## PROBLEM TO SOLVE
Word for word, quote the lines from the one containing "606 Daniels St Unit B, Raleigh, NC 27605" to the end of the entries below, including both. Leave pictures out.

Items from a data source:
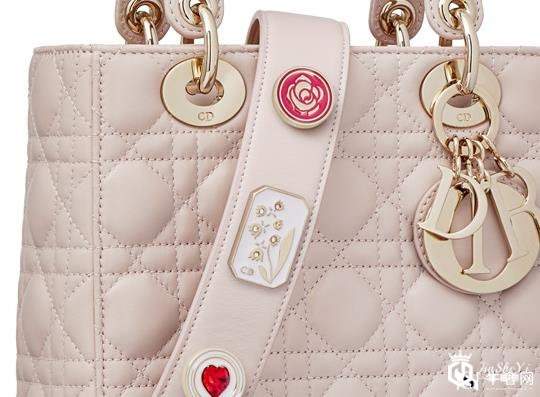 包包回收公司怎么选,哪里回收Lady Dior Small？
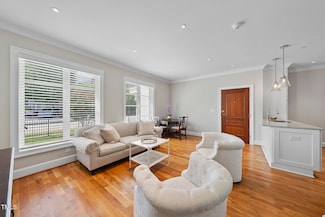 606 Daniels St Unit B, Raleigh, NC 27605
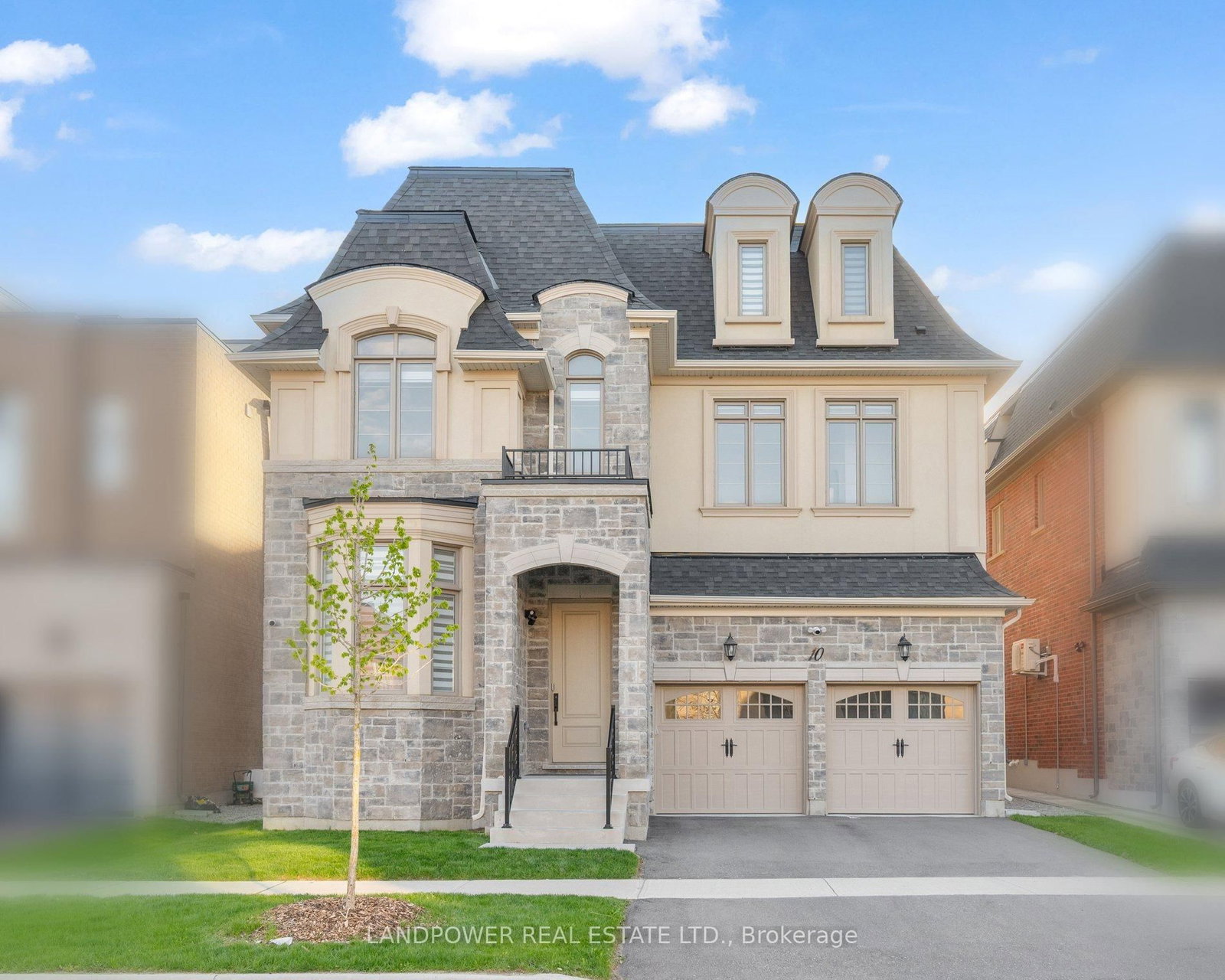 Detached House for sale at 10 Solar Street, Richmond Hill, Ontario, L4C 4Z1 - Observatory - MLS: N13108314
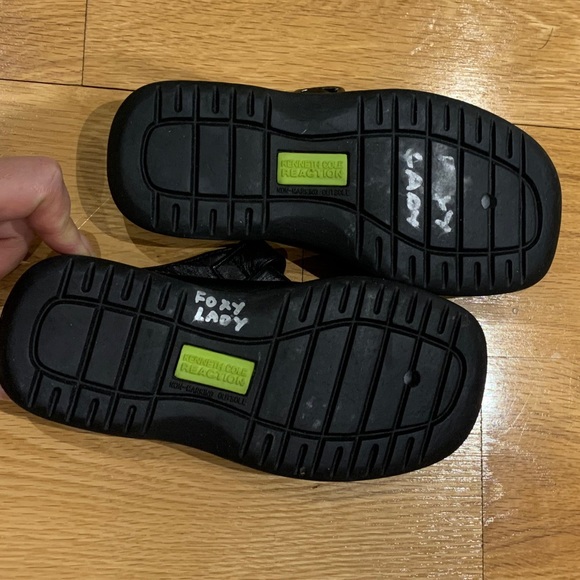 Kenneth Cole Reaction Kids Leather Slip On Shoes - Picture 7 of 8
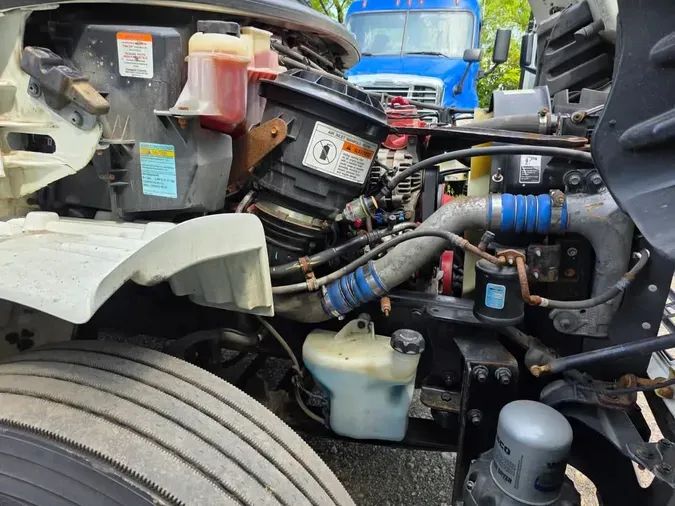 2019 FREIGHTLINER M2 106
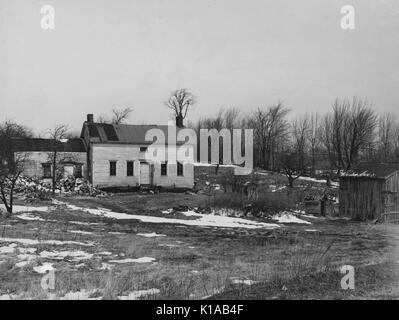 Ein heruntergekommenes Bauernhaus befindet sich auf einem teilweise viel Schnee bedeckt, auf einem Bauernhof optioned als Wild life, Remington, New York, 1936. Von der New York Public Library. Stockfoto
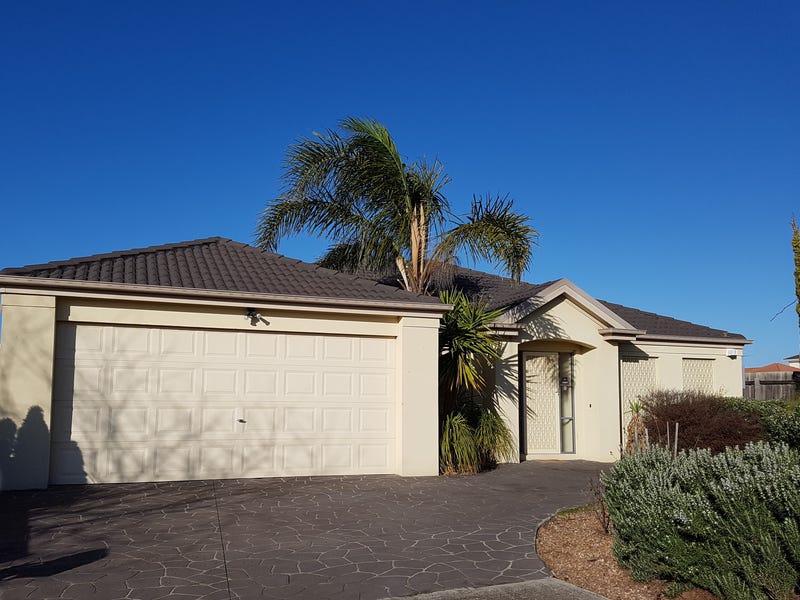 69 Jindabyne Avenue, Taylors Hill, Vic 3037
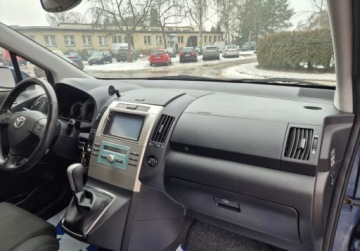 Toyota Corolla Verso E120 1.8 VVT-i 135KM 2004 Toyota Corolla Verso 1.8 benzyna z Wloch Bez rdzy Zadbana 1.8 Benzyna, zdjęcie 9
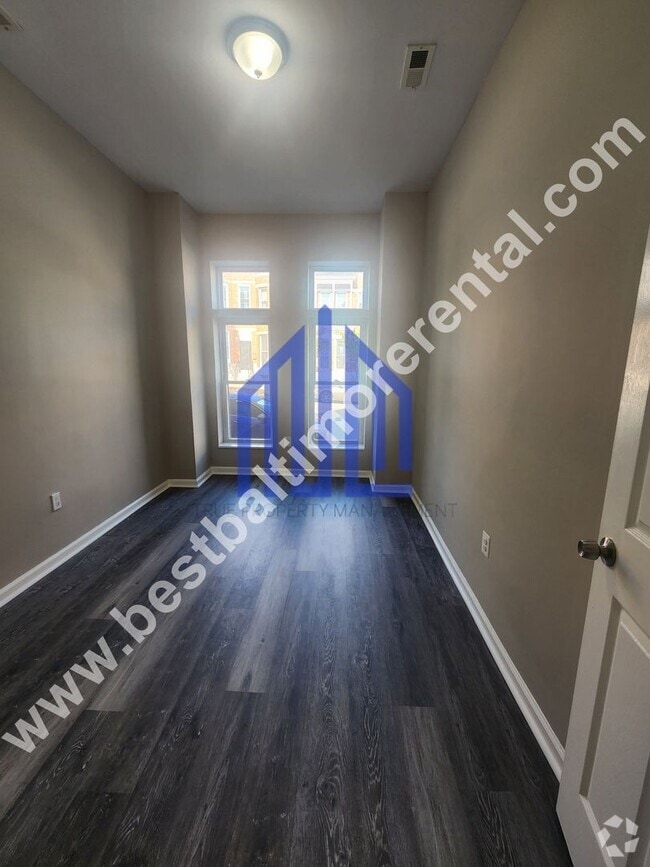 Building Photo - Spacious 4 Bedroom 1.5 Bath in East Baltimore Rental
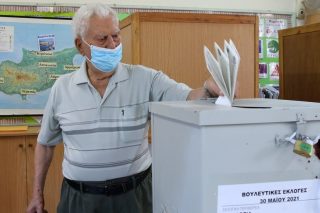 Ψήφος αυτοσυντήρησης στην κυπριακή κάλπη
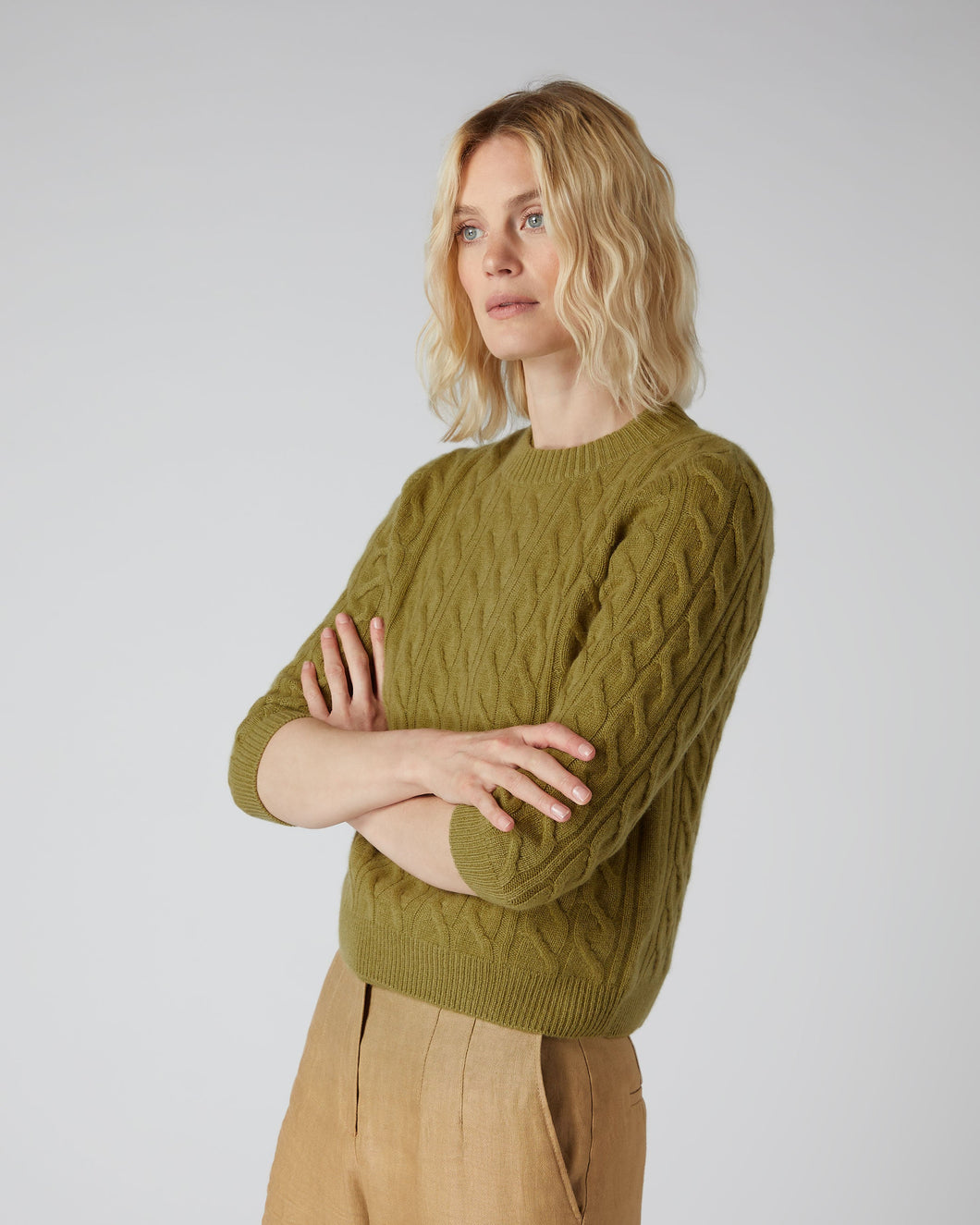 N.Peal Women's Round Neck Cable Cashmere Jumper Chartreuse Green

## PROBLEM SOLUTION
 606 Daniels St Unit B, Raleigh, NC 27605
 Detached House for sale at 10 Solar Street, Richmond Hill, Ontario, L4C 4Z1 - Observatory - MLS: N13108314
 Kenneth Cole Reaction Kids Leather Slip On Shoes - Picture 7 of 8
 2019 FREIGHTLINER M2 106
 Ein heruntergekommenes Bauernhaus befindet sich auf einem teilweise viel Schnee bedeckt, auf einem Bauernhof optioned als Wild life, Remington, New York, 1936. Von der New York Public Library. Stockfoto
 69 Jindabyne Avenue, Taylors Hill, Vic 3037
 Toyota Corolla Verso E120 1.8 VVT-i 135KM 2004 Toyota Corolla Verso 1.8 benzyna z Wloch Bez rdzy Zadbana 1.8 Benzyna, zdjęcie 9
 Building Photo - Spacious 4 Bedroom 1.5 Bath in East Baltimore Rental
 Ψήφος αυτοσυντήρησης στην κυπριακή κάλπη
 N.Peal Women's Round Neck Cable Cashmere Jumper Chartreuse Green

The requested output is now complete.